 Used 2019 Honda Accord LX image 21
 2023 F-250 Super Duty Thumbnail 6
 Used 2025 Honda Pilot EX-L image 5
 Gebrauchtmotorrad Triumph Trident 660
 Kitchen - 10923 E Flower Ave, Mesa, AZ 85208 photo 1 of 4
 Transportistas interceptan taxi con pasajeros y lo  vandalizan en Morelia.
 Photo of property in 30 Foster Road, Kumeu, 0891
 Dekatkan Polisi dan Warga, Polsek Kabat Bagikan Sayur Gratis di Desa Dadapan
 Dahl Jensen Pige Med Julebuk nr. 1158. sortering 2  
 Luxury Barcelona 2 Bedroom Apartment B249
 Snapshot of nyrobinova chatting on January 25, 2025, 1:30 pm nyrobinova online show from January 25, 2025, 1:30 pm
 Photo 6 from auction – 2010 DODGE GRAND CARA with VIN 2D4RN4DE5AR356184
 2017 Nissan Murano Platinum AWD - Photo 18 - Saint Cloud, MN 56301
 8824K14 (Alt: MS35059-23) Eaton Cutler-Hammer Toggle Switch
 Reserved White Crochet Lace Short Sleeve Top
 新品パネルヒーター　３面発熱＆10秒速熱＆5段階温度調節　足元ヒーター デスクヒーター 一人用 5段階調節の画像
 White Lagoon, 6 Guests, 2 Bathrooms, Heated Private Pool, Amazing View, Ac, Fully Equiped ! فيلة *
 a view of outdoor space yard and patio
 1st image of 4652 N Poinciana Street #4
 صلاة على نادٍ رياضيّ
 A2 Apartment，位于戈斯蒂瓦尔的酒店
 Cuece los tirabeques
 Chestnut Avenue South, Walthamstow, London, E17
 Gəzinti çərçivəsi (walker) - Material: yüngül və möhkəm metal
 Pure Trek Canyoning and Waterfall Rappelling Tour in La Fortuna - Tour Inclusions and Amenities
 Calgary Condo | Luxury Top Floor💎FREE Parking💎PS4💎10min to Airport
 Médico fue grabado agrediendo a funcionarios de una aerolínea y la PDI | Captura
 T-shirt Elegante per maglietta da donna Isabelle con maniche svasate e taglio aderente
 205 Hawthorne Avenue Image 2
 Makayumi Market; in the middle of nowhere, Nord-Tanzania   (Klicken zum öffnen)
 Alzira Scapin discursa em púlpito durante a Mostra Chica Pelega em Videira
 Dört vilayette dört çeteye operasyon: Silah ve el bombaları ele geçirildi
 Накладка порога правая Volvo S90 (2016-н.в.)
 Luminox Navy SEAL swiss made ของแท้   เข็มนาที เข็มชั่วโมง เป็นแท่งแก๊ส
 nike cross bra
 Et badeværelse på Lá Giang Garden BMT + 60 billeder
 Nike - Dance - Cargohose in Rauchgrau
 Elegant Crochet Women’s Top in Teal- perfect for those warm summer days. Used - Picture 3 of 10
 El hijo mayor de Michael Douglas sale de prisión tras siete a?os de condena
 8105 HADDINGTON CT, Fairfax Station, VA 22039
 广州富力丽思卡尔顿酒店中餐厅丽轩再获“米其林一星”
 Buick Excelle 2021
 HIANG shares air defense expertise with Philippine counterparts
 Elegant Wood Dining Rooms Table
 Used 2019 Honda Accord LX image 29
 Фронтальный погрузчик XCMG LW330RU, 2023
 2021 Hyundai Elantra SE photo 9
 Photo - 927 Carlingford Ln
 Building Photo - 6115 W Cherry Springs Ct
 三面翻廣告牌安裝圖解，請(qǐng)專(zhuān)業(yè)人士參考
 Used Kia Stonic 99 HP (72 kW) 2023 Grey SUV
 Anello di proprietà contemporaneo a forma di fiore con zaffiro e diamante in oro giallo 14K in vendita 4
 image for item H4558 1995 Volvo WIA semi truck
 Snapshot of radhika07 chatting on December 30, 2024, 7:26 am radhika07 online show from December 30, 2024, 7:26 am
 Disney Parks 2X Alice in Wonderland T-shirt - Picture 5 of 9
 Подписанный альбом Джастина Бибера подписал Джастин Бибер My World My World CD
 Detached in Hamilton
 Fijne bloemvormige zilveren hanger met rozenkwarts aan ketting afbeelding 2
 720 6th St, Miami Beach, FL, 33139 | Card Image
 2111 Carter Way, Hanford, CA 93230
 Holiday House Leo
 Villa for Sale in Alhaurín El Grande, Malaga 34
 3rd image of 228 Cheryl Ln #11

» **WORK ITEM**: Print all of the entries again, exactly as written.

» **RESPONSE TO THIS TASK**:
 Used 2019 Honda Accord LX image 21
 2023 F-250 Super Duty Thumbnail 6
 Used 2025 Honda Pilot EX-L image 5
 Gebrauchtmotorrad Triumph Trident 660
 Kitchen - 10923 E Flower Ave, Mesa, AZ 85208 photo 1 of 4
 Transportistas interceptan taxi con pasajeros y lo  vandalizan en Morelia.
 Photo of property in 30 Foster Road, Kumeu, 0891
 Dekatkan Polisi dan Warga, Polsek Kabat Bagikan Sayur Gratis di Desa Dadapan
 Dahl Jensen Pige Med Julebuk nr. 1158. sortering 2  
 Luxury Barcelona 2 Bedroom Apartment B249
 Snapshot of nyrobinova chatting on January 25, 2025, 1:30 pm nyrobinova online show from January 25, 2025, 1:30 pm
 Photo 6 from auction – 2010 DODGE GRAND CARA with VIN 2D4RN4DE5AR356184
 2017 Nissan Murano Platinum AWD - Photo 18 - Saint Cloud, MN 56301
 8824K14 (Alt: MS35059-23) Eaton Cutler-Hammer Toggle Switch
 Reserved White Crochet Lace Short Sleeve Top
 新品パネルヒーター　３面発熱＆10秒速熱＆5段階温度調節　足元ヒーター デスクヒーター 一人用 5段階調節の画像
 White Lagoon, 6 Guests, 2 Bathrooms, Heated Private Pool, Amazing View, Ac, Fully Equiped ! فيلة *
 a view of outdoor space yard and patio
 1st image of 4652 N Poinciana Street #4
 صلاة على نادٍ رياضيّ
 A2 Apartment，位于戈斯蒂瓦尔的酒店
 Cuece los tirabeques
 Chestnut Avenue South, Walthamstow, London, E17
 Gəzinti çərçivəsi (walker) - Material: yüngül və möhkəm metal
 Pure Trek Canyoning and Waterfall Rappelling Tour in La Fortuna - Tour Inclusions and Amenities
 Calgary Condo | Luxury Top Floor💎FREE Parking💎PS4💎10min to Airport
 Médico fue grabado agrediendo a funcionarios de una aerolínea y la PDI | Captura
 T-shirt Elegante per maglietta da donna Isabelle con maniche svasate e taglio aderente
 205 Hawthorne Avenue Image 2
 Makayumi Market; in the middle of nowhere, Nord-Tanzania   (Klicken zum öffnen)
 Alzira Scapin discursa em púlpito durante a Mostra Chica Pelega em Videira
 Dört vilayette dört çeteye operasyon: Silah ve el bombaları ele geçirildi
 Накладка порога правая Volvo S90 (2016-н.в.)
 Luminox Navy SEAL swiss made ของแท้   เข็มนาที เข็มชั่วโมง เป็นแท่งแก๊ส
 nike cross bra
 Et badeværelse på Lá Giang Garden BMT + 60 billeder
 Nike - Dance - Cargohose in Rauchgrau
 Elegant Crochet Women’s Top in Teal- perfect for those warm summer days. Used - Picture 3 of 10
 El hijo mayor de Michael Douglas sale de prisión tras siete a?os de condena
 8105 HADDINGTON CT, Fairfax Station, VA 22039
 广州富力丽思卡尔顿酒店中餐厅丽轩再获“米其林一星”
 Buick Excelle 2021
 HIANG shares air defense expertise with Philippine counterparts
 Elegant Wood Dining Rooms Table
 Used 2019 Honda Accord LX image 29
 Фронтальный погрузчик XCMG LW330RU, 2023
 2021 Hyundai Elantra SE photo 9
 Photo - 927 Carlingford Ln
 Building Photo - 6115 W Cherry Springs Ct
 三面翻廣告牌安裝圖解，請(qǐng)專(zhuān)業(yè)人士參考
 Used Kia Stonic 99 HP (72 kW) 2023 Grey SUV
 Anello di proprietà contemporaneo a forma di fiore con zaffiro e diamante in oro giallo 14K in vendita 4
 image for item H4558 1995 Volvo WIA semi truck
 Snapshot of radhika07 chatting on December 30, 2024, 7:26 am radhika07 online show from December 30, 2024, 7:26 am
 Disney Parks 2X Alice in Wonderland T-shirt - Picture 5 of 9
 Подписанный альбом Джастина Бибера подписал Джастин Бибер My World My World CD
 Detached in Hamilton
 Fijne bloemvormige zilveren hanger met rozenkwarts aan ketting afbeelding 2
 720 6th St, Miami Beach, FL, 33139 | Card Image
 2111 Carter Way, Hanford, CA 93230
 Holiday House Leo
 Villa for Sale in Alhaurín El Grande, Malaga 34
 3rd image of 228 Cheryl Ln #11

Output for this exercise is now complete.